Black Star Farmers sought out Designing in Color’s services to envision a new, community-centered version of Seattle historic Cal Anderson Park. Unimpressed by the city council’s concept for the site, Henderson sought DCo’s vision of community-centered, narrative-driven, experiential, and non-Eurocentric design.
The DCo team approached this through a number of Guiding Principles: Narrative-Based Strategies, Awareness of Generational Site Histories, Limiting Historical Revisionism, Knowledge Sharing, and Pursuing Non-Defensible Space. Our designs sought to mute Imperialism, and proliferate an Afrofuturist lexicon. We wanted visitors to circulate, interact, and empathize. We viewed spaces for growing food as the majority and the focus of the programmed spaces, with the boundary separating circulation and growing being frequently blurred.
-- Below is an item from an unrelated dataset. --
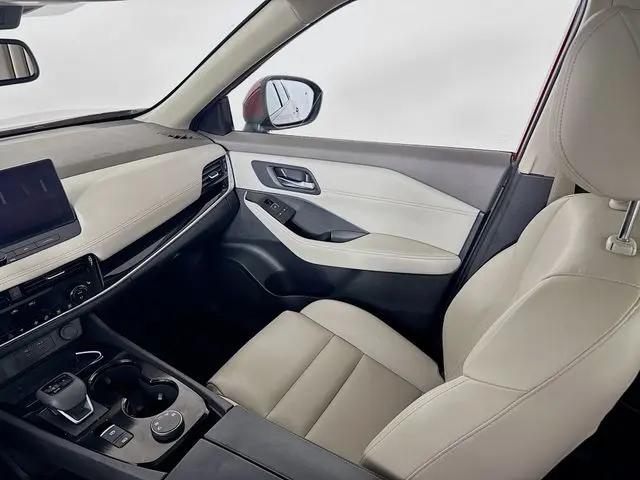2025 Nissan Rogue SL Intelligent AWD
In the community organizing process we wanted to embrace the unhoused, creating non-defensible spaces that do not deter vulnerable populations from public space, conveying powerful Afrofuturist graphics and icons, reflecting on the history of the neighborhood, and embracing the inclusive future we strive for.
Cal Anderson Revisioning brings together the University of Washington’s Environmental departments, local indigenous tribe voices, the Capital district coalition, local park supports, the Gay community, and a local trusted community activist urban farmer.